Guus Hiddink, the celebrated Dutch coach who has guided three different sides to the FIFA World Cup™, is the latest international football figure to offer rave reviews of the country that will host the 2010 FIFA World Cup, South Africa.
During his visit to the tip of the African continent, the coach, who is on his last lap of his employment with the Russian team, said he believes South Africa will play capable hosts to the tournament. He also hinted that the country’s national team, Bafana Bafana, might pose a threat to many teams if underestimated.
“I think this is a fantastic country with great infrastructure. I have no doubt that teams will be impressed with the facilities when they land in South Africa before the World Cup. It was the right time that the tournament was given to an African country and if you look around in Africa, with all respect to other countries, then South Africa was always going to be the best option,” he said.

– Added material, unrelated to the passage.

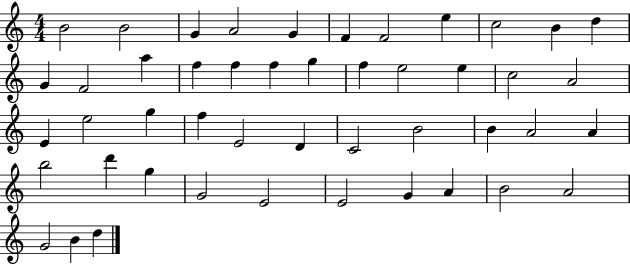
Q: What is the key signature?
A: C major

The former Chelsea manager believes that while South Africa are underdogs, with the right preparation they can spring few surprises during the tournament. "Preparations are very important for any country that plays at the World Cup and for South Africa it will be vital that they prepare adequately for the event," he said. "You need to find the right balance and assemble not only a strong team but a balanced team. In [Carlos Alberto] Parreira, they have one of the most experienced coaches in the game today who knows how to prepare a team. He has a lot of experience and has been to a number of World Cup tournaments."
South Africa will play their opening game against Mexico on 11 June at Soccer City. They will then play Uruguay at Loftus in Tshwane/Pretoria before a face-off with France at Free State Stadium in Mangaung/Bloemfontein. Hiddink said it was important for the hosts to have a “perfect” start to the event if they plan to advance. “When you are a host country, you have a lot of pressure, but that pressure can either work for you or against you," he said.
"The 12th man in the stands is important because they can lift the team to another level. But sometimes the pressure can negatively affect the players. What is important is to get the campaign off to a perfect start - that lays the foundation,” added the former Australia coach, who knows all about coaching under-dogs in FIFA World Cups. He is credited for leading an unheralded Korea Republic team to the semi-finals of the FIFA World Cup in 2002. For him, he says, it was about rigorous training routine and fanatical fitness regime.
“When I took over South Korea, it was a huge challenge, and I knew that I needed a longer period to prepare," he said. "No one fancied the team to do well, but we used that [training] time to bond as a team and gain confidence. The most important thing was getting the guys super fit and instil a sense of belief in them,” he added.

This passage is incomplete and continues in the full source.